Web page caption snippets
******

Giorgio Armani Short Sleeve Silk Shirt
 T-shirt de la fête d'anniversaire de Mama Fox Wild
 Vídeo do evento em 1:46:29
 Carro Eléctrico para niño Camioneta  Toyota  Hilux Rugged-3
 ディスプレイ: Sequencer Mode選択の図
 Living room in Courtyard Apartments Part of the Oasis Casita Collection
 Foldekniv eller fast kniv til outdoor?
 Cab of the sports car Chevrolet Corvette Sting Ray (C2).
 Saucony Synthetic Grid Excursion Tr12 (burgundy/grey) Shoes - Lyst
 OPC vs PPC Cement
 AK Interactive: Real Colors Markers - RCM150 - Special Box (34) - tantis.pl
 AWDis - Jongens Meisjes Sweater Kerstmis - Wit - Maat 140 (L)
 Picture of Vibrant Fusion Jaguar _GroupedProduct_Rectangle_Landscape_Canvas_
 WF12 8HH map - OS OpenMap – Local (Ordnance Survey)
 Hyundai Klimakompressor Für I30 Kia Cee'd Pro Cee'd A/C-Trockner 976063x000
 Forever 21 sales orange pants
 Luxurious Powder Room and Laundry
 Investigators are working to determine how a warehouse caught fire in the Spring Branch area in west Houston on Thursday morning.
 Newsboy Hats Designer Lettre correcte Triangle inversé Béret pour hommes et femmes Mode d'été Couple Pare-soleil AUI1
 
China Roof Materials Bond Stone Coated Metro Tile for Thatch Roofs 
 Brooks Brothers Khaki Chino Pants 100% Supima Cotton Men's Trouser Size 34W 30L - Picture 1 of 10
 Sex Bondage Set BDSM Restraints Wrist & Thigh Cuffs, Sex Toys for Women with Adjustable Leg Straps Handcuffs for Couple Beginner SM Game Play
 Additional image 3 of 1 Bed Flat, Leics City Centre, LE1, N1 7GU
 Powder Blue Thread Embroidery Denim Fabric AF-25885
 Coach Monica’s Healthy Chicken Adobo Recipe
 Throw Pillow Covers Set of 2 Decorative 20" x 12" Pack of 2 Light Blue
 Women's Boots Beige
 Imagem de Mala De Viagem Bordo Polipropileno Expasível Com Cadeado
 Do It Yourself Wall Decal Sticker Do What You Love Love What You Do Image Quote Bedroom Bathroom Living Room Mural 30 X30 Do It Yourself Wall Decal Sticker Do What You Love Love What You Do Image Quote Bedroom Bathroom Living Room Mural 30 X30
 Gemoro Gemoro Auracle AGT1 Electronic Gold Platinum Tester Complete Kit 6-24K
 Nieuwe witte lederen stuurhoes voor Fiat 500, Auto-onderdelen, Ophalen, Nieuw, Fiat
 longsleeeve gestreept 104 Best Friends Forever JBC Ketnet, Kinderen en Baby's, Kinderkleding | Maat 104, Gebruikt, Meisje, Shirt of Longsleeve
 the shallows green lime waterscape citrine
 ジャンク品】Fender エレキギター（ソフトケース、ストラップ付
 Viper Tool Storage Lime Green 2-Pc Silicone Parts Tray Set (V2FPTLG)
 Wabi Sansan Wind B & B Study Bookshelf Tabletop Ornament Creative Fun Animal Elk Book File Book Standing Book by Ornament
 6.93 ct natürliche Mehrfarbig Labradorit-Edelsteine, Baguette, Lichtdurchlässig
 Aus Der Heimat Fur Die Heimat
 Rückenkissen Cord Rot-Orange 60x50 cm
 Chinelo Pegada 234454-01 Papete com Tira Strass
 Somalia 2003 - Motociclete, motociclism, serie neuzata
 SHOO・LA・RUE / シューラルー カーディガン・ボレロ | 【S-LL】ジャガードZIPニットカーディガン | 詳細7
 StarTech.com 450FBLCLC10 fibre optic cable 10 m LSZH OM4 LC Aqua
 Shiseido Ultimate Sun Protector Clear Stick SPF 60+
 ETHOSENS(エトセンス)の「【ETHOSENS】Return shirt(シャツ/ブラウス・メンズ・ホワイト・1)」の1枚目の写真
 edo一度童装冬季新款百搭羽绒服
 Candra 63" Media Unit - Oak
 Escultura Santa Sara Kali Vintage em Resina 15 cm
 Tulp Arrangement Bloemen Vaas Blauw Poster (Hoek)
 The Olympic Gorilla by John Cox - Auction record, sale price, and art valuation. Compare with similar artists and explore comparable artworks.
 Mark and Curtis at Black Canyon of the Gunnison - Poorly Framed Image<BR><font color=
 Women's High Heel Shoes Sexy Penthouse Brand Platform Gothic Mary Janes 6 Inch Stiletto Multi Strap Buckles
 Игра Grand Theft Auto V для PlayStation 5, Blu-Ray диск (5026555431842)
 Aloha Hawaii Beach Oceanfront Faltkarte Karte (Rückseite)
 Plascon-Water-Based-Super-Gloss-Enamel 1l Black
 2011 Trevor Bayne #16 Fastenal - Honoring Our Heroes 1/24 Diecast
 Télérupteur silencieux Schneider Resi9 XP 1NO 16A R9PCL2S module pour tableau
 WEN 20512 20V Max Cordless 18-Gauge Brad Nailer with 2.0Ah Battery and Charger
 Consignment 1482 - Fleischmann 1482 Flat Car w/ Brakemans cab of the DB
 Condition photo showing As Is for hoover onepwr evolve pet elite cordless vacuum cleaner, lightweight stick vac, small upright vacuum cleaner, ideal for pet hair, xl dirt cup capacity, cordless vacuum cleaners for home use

******

## EXERCISE REQUIREMENTS
Of all the lines above, count the ones that include the string "Forever" and give the number alone.

## ANSWER SECTION
2